Книга: 1914–2014. Европа выходит из истории?
Назад: 1914: все еще загадка
Дальше: Когда настоящее подчиняет себе интерпретацию прошлого

Память расплывчатая… и избирательная

Наша эпоха, базирующаяся на мгновенной передаче информации, по своей природе способствует забвению. Для «видеосферы» существует лишь настоящее. Интернет, который одновременно дарует индивиду свободу и делает его одиноким, растворяет коллектив. Британский историк Тони Джадт, возглавлявший Институт Эриха Марии Ремарка в Нью-Йоркском университете, в 2008 г. писал о том, как в «эру забвения» тяжело понять смысл даже того столетия, которое только что истекло.
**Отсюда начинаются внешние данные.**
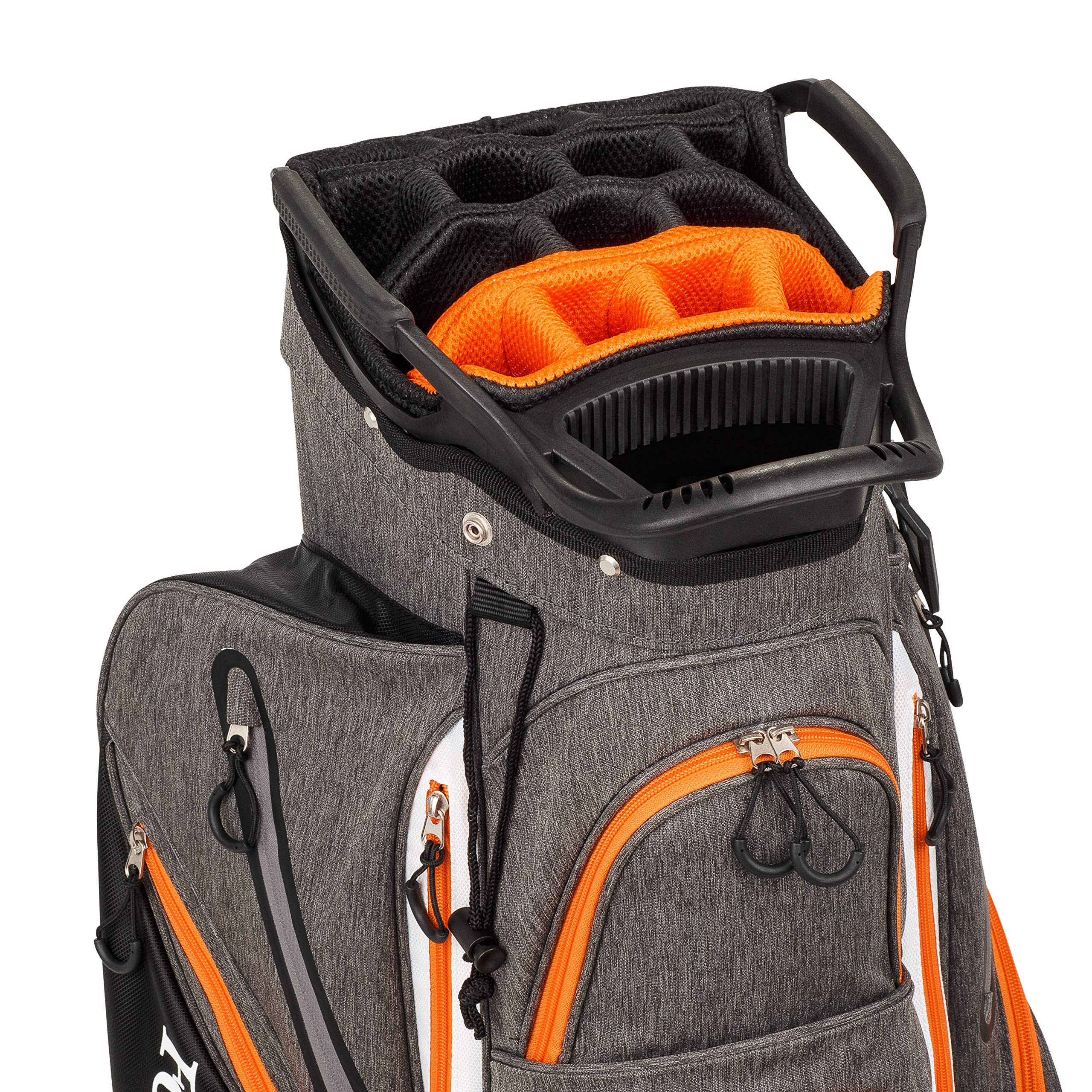 Founders Club Franklin Golf Push Cart Bag - Lightweight Riding Cart Bag with Full Rain Cover, 15-Way Divider & Putter Tube - Perfect for Golf Tournaments & Practice Rounds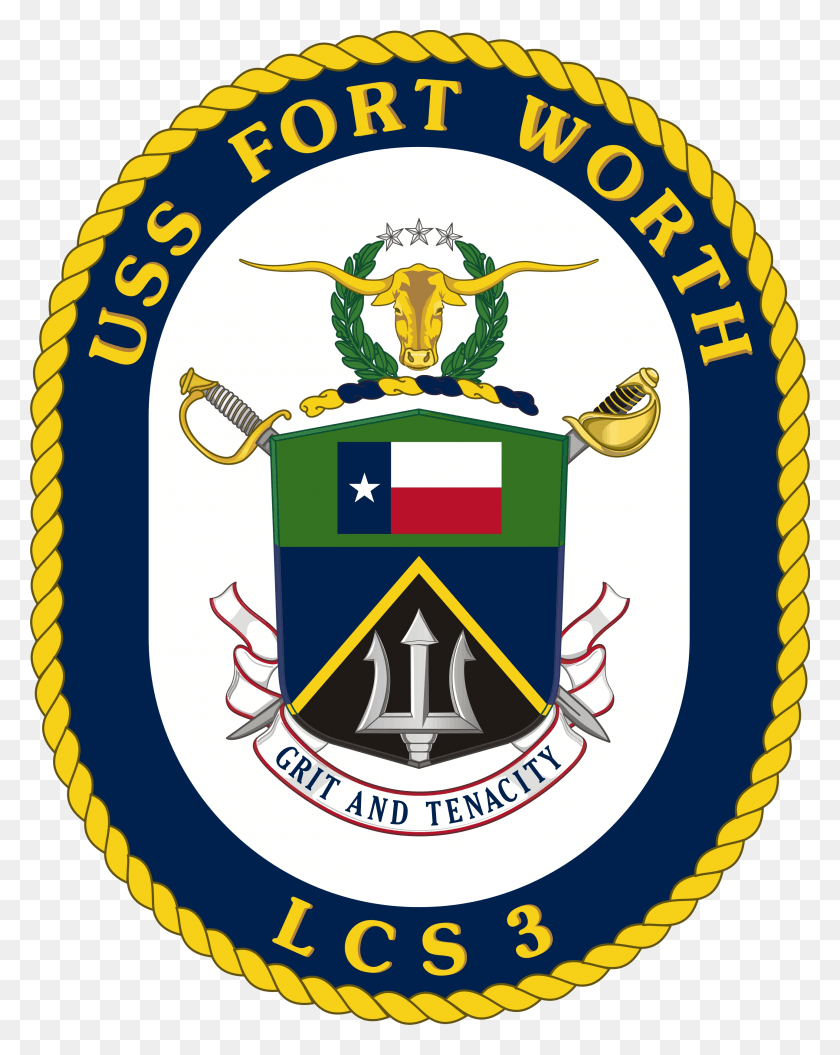 2578x3291 Uss Forth Worth Lcs3 Crest Us Navy Lcs 13 Ship Emblem, Logo, Symbol, Trademark HD PNG Download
Мы ведь буквально «опутаны» «пристрастными полуистинами» (которые вдобавок сегодня уже устарели): «триумф Запада, конец истории; американский однополярный мир и неотвратимый триумф глобализации и рынка». «Мы стремимся, – продолжал он, – скорее забыть, чем вспомнить, и отрицаем преемственность, воспевая новизну каждого мига». Первая мировая война оказалась так глубоко вытеснена из памяти потому, что была перекрыта памятью о Второй мировой, и оттого, что наши современники были бы не в состоянии претерпеть неслыханные испытания, выпавшие на долю солдат траншейной войны, и вести наступления, из которых часто возвращалась лишь половина шедших в атаку. Мы лишь, пытаясь заклясть этот ужас, насмехаемся над глупостью генералов, которые приносили в жертву своих солдат, политиков, не желавших думать о том, сколько продлится и во что обойдется конфликт, и, наконец, над бессмыслицей самой войны.
«Я ненавижу войну!» Как не понять этот возглас, звучавший не только из уст пацифистов? Даже после 1918 г. можно было ненавидеть войну и тем не менее понимать, что она грозит повториться, ведь Вторая мировая была прежде всего попыткой пангерманизма взять реванш за поражение 1918 г. Конечно, она была не просто повторением – геноцид евреев раздвинул границы немыслимого. Тем не менее вряд ли кто-то осмелится спорить с тем, что это преступное безумие выросло из социальных и идеологических корней, сформировавшихся до 1914 г. На коммеморациях 1914 г. мы точно услышим об уникальности и радикальной новизне Первой мировой, и вряд ли кто-то, пойдя против духа нашего времени, напомнит о том, чем наши дни так похожи на ту эпоху.
Здесь вновь стоит прислушаться к Тони Джадту: XX век почти что скрылся «во тьме расплывчатой памяти», превратившись в «царство морализирующих воспоминаний, музей исторических зверств на службе у нравоучения. […] Опасность подобной трактовки, представляющей истекший век как эпоху беспрецедентных потрясений, […] состоит в том, что она убеждает нас, будто все это уже позади, смысл произошедшего ясен, и будто мы, сбросив груз прошлых ошибок, можем смело идти вперед, в лучшее и принципиально иное будущее».
* * *
Память избирательна. Благомыслие диктует нам, что следует, а что не следует вспоминать. Будьте уверены, что на коммеморациях 1914 г. станут вовсю рассказывать об ужасах окопной войны и катастрофе Европы, но, скорее, не для того, чтобы их понять, а чтобы изгнать сам их призрак. Нам напомнят о четырехстах тысячах французов, погибших с августа по декабрь 1914 г., когда, решив любой ценой перейти в наступление, их бросили под немецкие пулеметы, превратив их алые панталоны в мишени; или о катастрофических попытках штурма: немецком наступлении при Вердене, которое должно было «обескровить французскую армию»; английском – на Сомме в 1916 г. или французском – на Шмен-де-Дам в 1917 г. Две последние атаки скосили не меньше солдат союзников, чем военные планы, состряпанные имперским Генштабом под Верденом.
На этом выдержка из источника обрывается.